How can Quebec and the UK save electricity?
Reducing energy consumption is imperative in the work to mitigate
climate change; however, it has economic benefits as well: less money need be
spent by the government in outsourcing energy supply to meet exceeding demand.
Overconsumption and wastage of energy is predominantly a high income country (HIC)
problem, but the technology developed to save wasted energy can be used
throughout the globe to achieve the goal of sustainable development.
In the UK, the largest consumer of energy is the transport industry. Perhaps the biggest source of wasted energy is found in the braking systems of vehicles. Typically, braking puts pressure on the wheels, and kinetic energy is wasted as heat formed by friction; regenerative braking changes this. A pilot study in Pennsylvania managed to recover up to 20% of the energy used in braking trains at a station. The saved electricity was used to start the next train in the station in its departure. A simple way to reduce energy consumption in the public transport sector, would be to implement regenerative braking upon all new trains, and aim to replace the older, less efficient models. Privately owned trains could be provided with government funded bursaries to replace the braking systems on their trains, with the money provided by the already saved electricity. With the development of the High Speed 2 rail, the journey up the length of the country has the potential to become much more energy efficient.
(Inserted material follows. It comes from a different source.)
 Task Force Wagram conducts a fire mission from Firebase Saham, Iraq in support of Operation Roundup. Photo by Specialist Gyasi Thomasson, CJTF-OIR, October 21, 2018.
Within developed nations, supermarkets are a source of huge energy wastage. Keeping food cool accounts for half of the UK chain Sainsbury's electricity bill. A discreet solution has been developed by car manufacturer Formula 1- a small aluminium 'wing' that is fitted on the front of shelves. The wing shaped device redirects the cool air back into the unit, saving the wasted cold air. The annual refrigeration costs decreased by 15%, and saved nearly £10m. In addition to saving cold air, less energy will be used on heating systems to keep the rest of the supermarket at a comfortable temperature. The chain has so much faith in the simple device, they have decided to add the wing to all 1,500 of their UK branches. The energy savings will make the supermarket more competitive, and soon most UK supermarkets will have the same device fitted.
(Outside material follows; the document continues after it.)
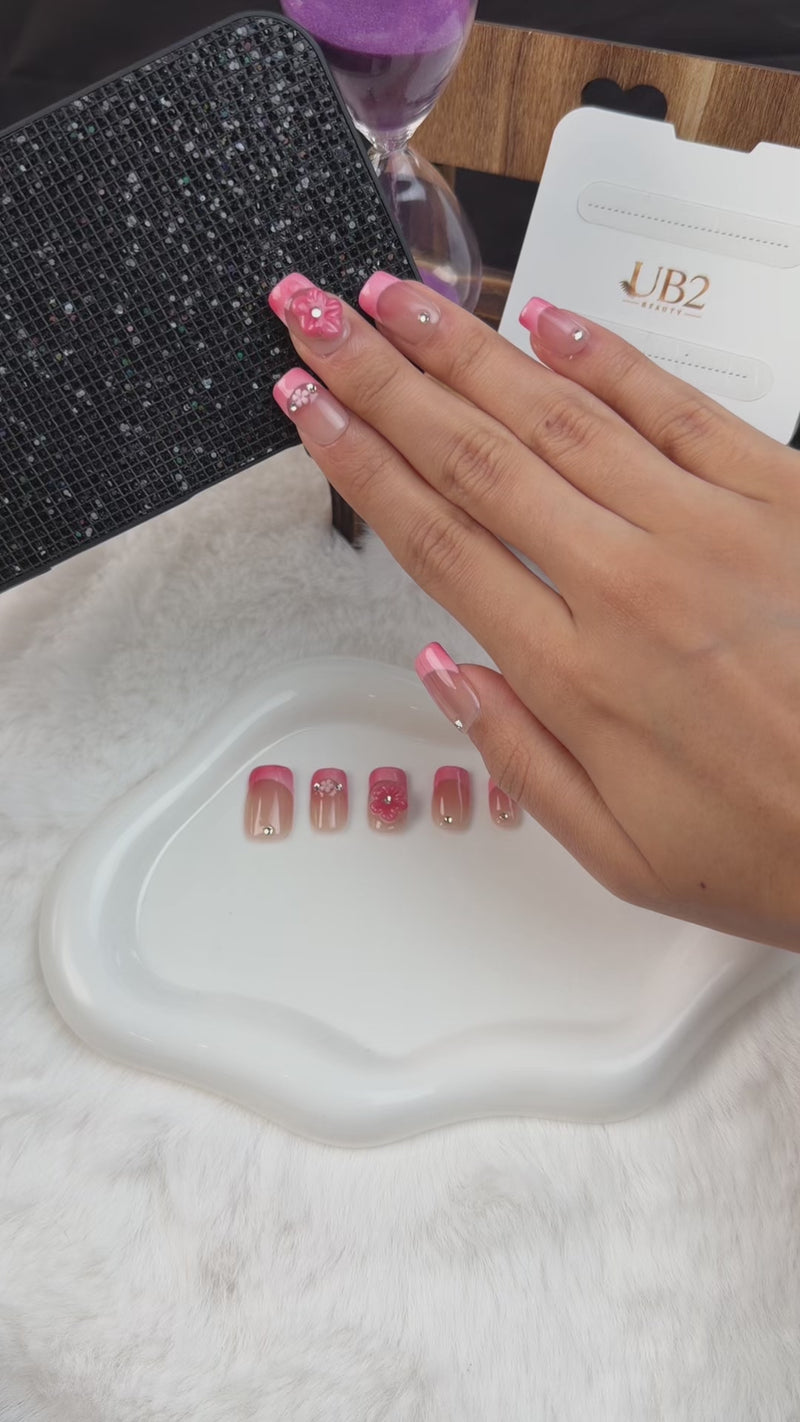 Step-by-step application of Rose pink French tip 3D floral medium square press-on nails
Although the 'wings' are innovative and forward thinking, the Obvious, simple, and most effective solution is to install glass sliding doors on every unit. Despite a saving of 30-40%, supermarkets are reluctant to do this after a study has shown that consumers buy less when the doors are fitted. The UK government has the capability to mitigate these worries by implementing a law that states that all commercial refrigeration units must have the sliding doors by a certain date. If every supermarket had the doors, the competition would be level again and there would be a huge net national energy saving.
Another technological advancement that municipal councils can employ is the newly developed Pavegen tiles. The tiles use the pressure put on them by a pedestrian to generate electricity. A 25 meter long demonstration at the Paris Marathon generated 4.7 kilowatt hours. Another incentive to install the devices, is their wireless monitoring capability. The data can be used to analyse anything from shopping patterns, to improving pedestrian safety in busy areas. If the tiles were installed along busy pedestrianised roads like Oxford Street in London, or the major Quebecois Fleur de Lys Shopping centre, the energy generated could be used to power local electrical systems such as street lights, or an automatic door, slightly reducing the demand upon the national grid.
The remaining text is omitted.